In the Jewish environment of your childhood, you write: "There were things you couldn’t say and things you had to say, things you couldn’t do and things you had to do. ... To violate one of these precepts, which carried the force of taboo, was to commit an unthinkable act, an offense against the group as well as God. It was to mark yourself as other, beyond the pale, a kind of pollution. And in our tightknit world, with scores of families living in close proximity, you felt the eyes of the community eternally upon you." 

That can easily describe my formative years too--in a totally different culture and halfway around the world.

Like it was for you, it was in my early teens that I realized that there was something fundamentally wrong about the faith (Hinduism) itself, the faith that also created castes and all the rules that governed everyday life.  Slowly and steadily, Dickens and Dostoevsky and Maugham and Gorky and more helped me understand the world in ways that I had otherwise not imagined. 
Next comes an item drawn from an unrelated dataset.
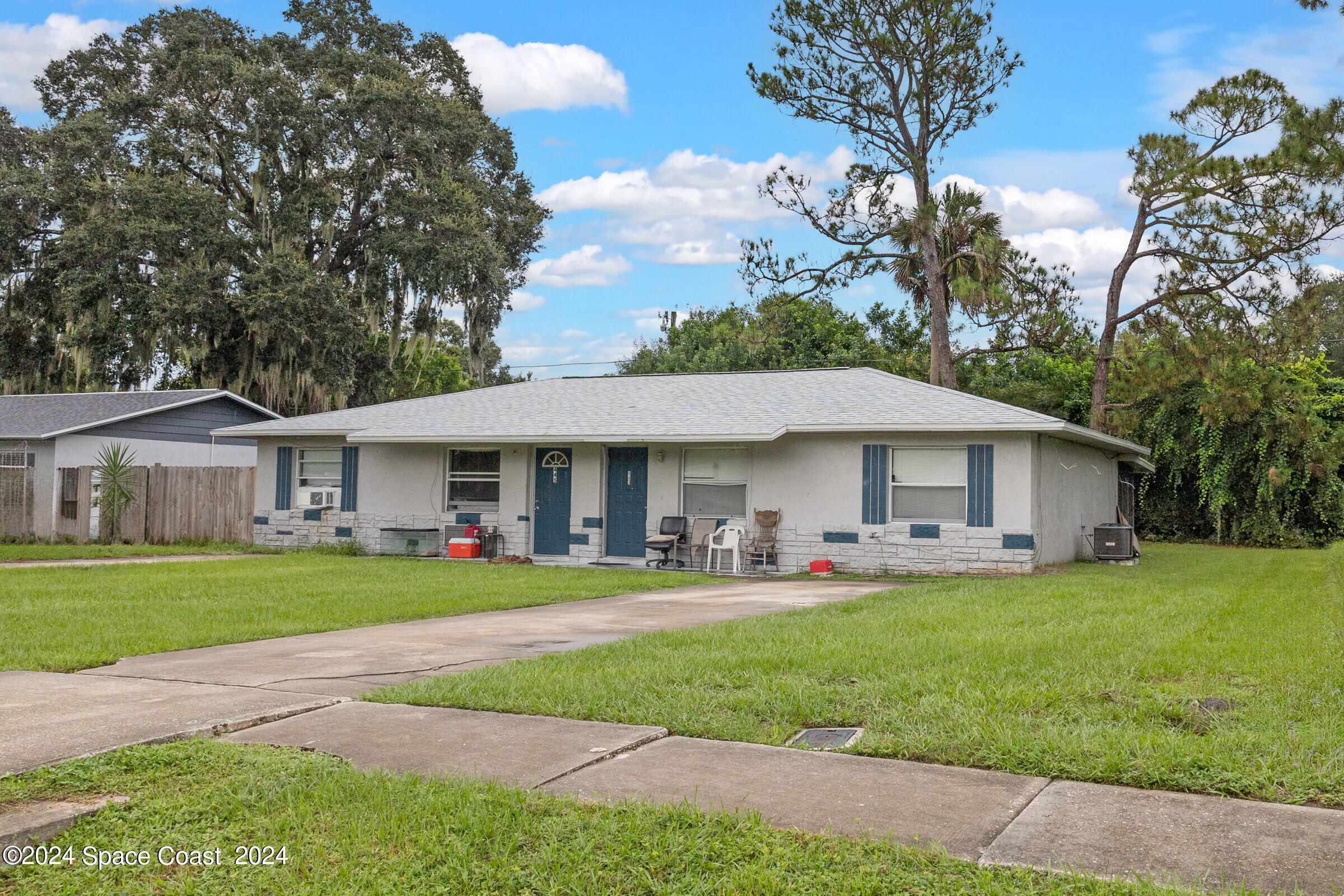 a front view of a house with a yard and trees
Before I knew it, I had also outed myself as an atheist

While you spent some time in Israel trying to figure out whether that would be a better home than America was to you, I was fleeing the old country that was choking my thoughts.  Even now, it is only the elderly parents and a few others who draw me to India. The old country has become far more intolerable than it was a few decades ago because Hindu religious nationalism has infected what was the country's secular space too! 
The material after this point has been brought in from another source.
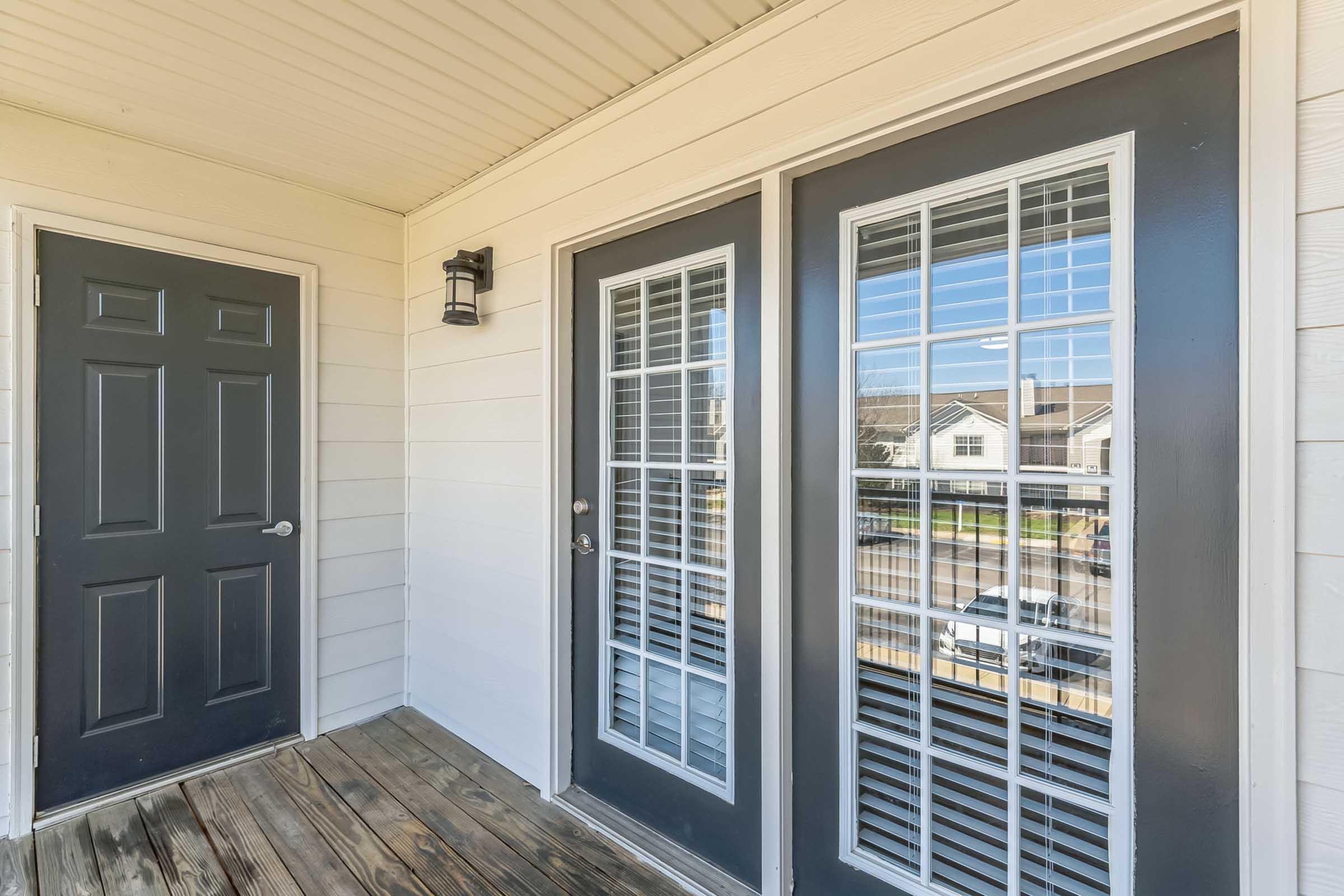 Front porch view featuring a wooden floor and two glass-paneled doors with dark frames. There is a dark door on the left and a light fixture above. The background shows a residential area with houses visible through the windows.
So, though the old country is beautiful and charismatic, with a long and rich history with which I can easily and effortlessly relate, your bottom-line is no different from mine: "My home, with whatever ambivalence, was America. My home was with other Americans."

There's a lot more that I could write--in agreement--with your wonderful essay, particularly on topics like Latinx and punctuality and the long list of uber-left talking points that are just bizarre.  But, I shall stop here.